Friday 6 June 2014

Ikebana Today 24

What is ikebana? Let’s look into the word itself, Ikebana. When did people start using it? They needed to invent the word to describe something that could not be described using existing words. What was happening?  

Actually the word, Ikebana is really complicated. Historically, the first form of Ikebana was called Tatehana, standing flower. It became Rikka, which is in a sense the most sophisticated style of Ikebana, and is still practiced today particularly in the Ikenobo school. Rikka also means standing flower and the name reflects the form of arrangements made in this style.

Tatehana means to make lying flower (cut flower) vertical. That’s all. But Ikebana means to make dying flower alive. The focus is on something deeper than the superficial forms.     

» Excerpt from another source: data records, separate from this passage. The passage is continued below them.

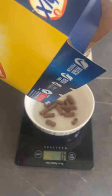Then I had my second breakfast which was some Weetabix protein crunch. Love the chocolatey milk at the end, feels like such a treat.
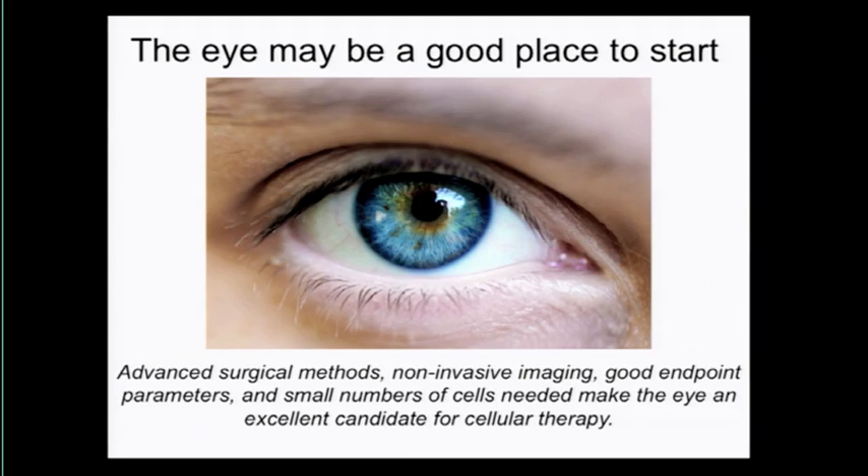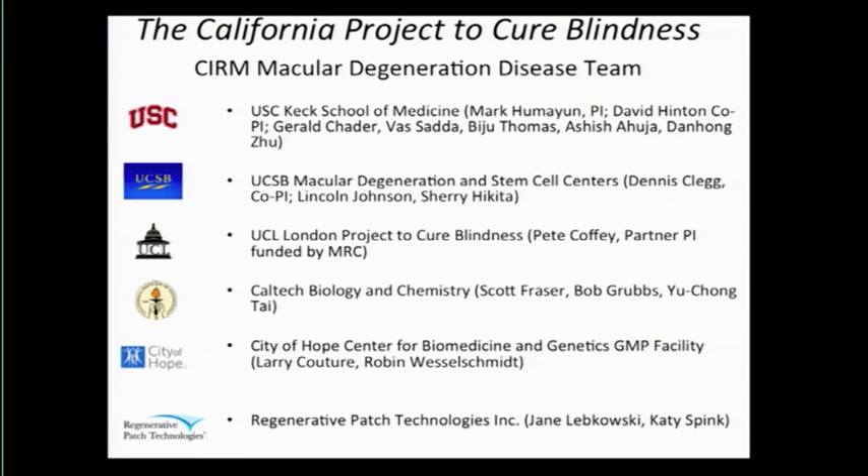The eye is a good place to start. We know how to get in there and do surgery. There are good ways to image the cells after transplant — in the eye, the ophthalmologist can use noninvasive imaging to look inside and see where they are. We can also measure function very easily, and it's not a very big organ — a very small number of cells would be needed to make a good therapy. We formed a team with a number of universities in California and have a grant from CIRM. The project is headquartered at USC Keck School of Medicine, led by Mark Humayan, an MD-PhD retinal surgeon. Here at Santa Barbara, we're the cell factory — growing the cells and transferring them to USC.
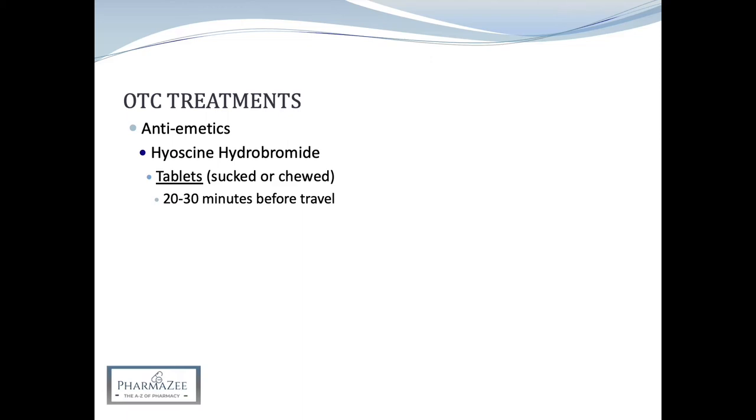Hyoscine hydrobromide is also available as a patch under the brand Scopaderm. This is licensed in patients aged 10 years or above. To achieve the optimum protective effect, a Scopaderm patch should be applied about 5-6 hours before travel or on the evening before the journey, because the method of drug delivery is slow as it's absorbed through the skin. The patch should be applied to a clean, dry, hairless area of skin behind the ear, taking care to avoid any cuts or irritation. One patch is sufficient to ensure protection for up to 72 hours.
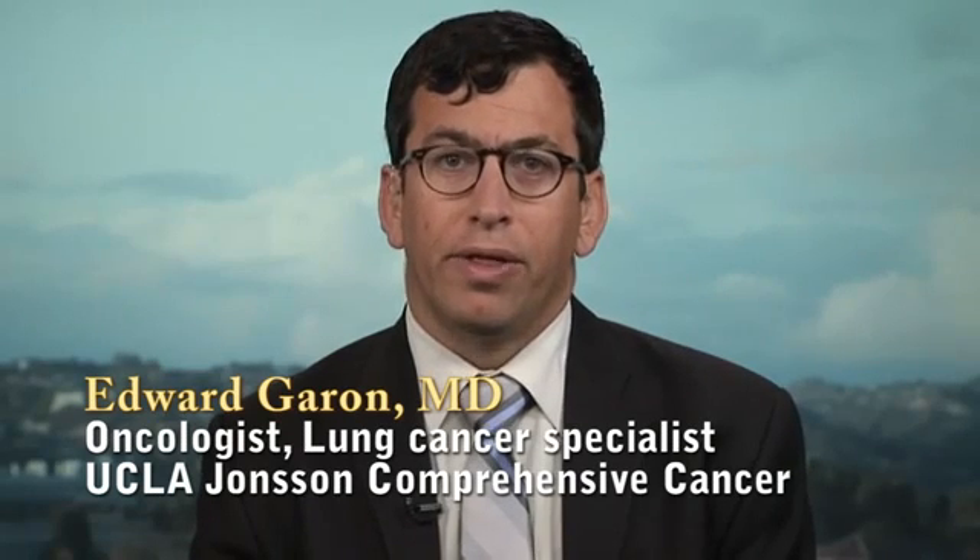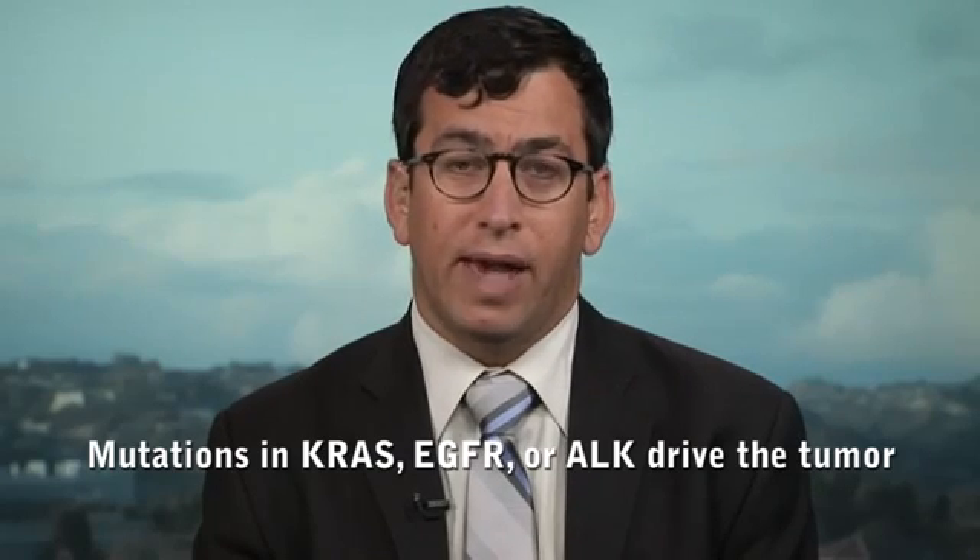Lung cancer is broken into two large categories: small cell lung cancer and non-small cell lung cancer. The great majority is non-small cell, and in the United States, adenocarcinoma is the histology making up the largest chunk of non-small cell lung cancer, with squamous cell carcinoma being a lesser portion. In the histology of adenocarcinoma, there are multiple different genetic events that are felt to be drivers of the tumor. The most common mutation in non-small cell lung cancer, particularly adenocarcinoma, is a mutation in the KRAS gene.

It is also worth noting that in the beginning Ikebana was not a mainstream of style of flower arrangement, which had moved from Tatehana to Rikka. I suppose that some people felt the need to create a new word, Ikebana, as a way of criticising the major styles at that time, claiming that they were making flowers alive rather than simply making them stand up. 

Considering that Rikka was supported by samurais, aristocrats, and even emperors, naming a style “Ikebana” could be seen as an implied criticism of those in the upper classes, or even of the hierarchy itself. Imagine how radical it was to criticise flower arrangements appreciated by emperors. 

However, this is all just my hypothesis. I’ll talk more about the word, Ikebana in the next issues, based on the advice from the top Ikebana researchers in International Society of Ikebana Studies (  

This is the work I made for the exhibition of Mr and Ms Hoshino at Lesley Kehoe Galleries in December last year. Ms Hoshino’s container was extremely challenging to work with but I felt relived to know that both artists were happy with my work.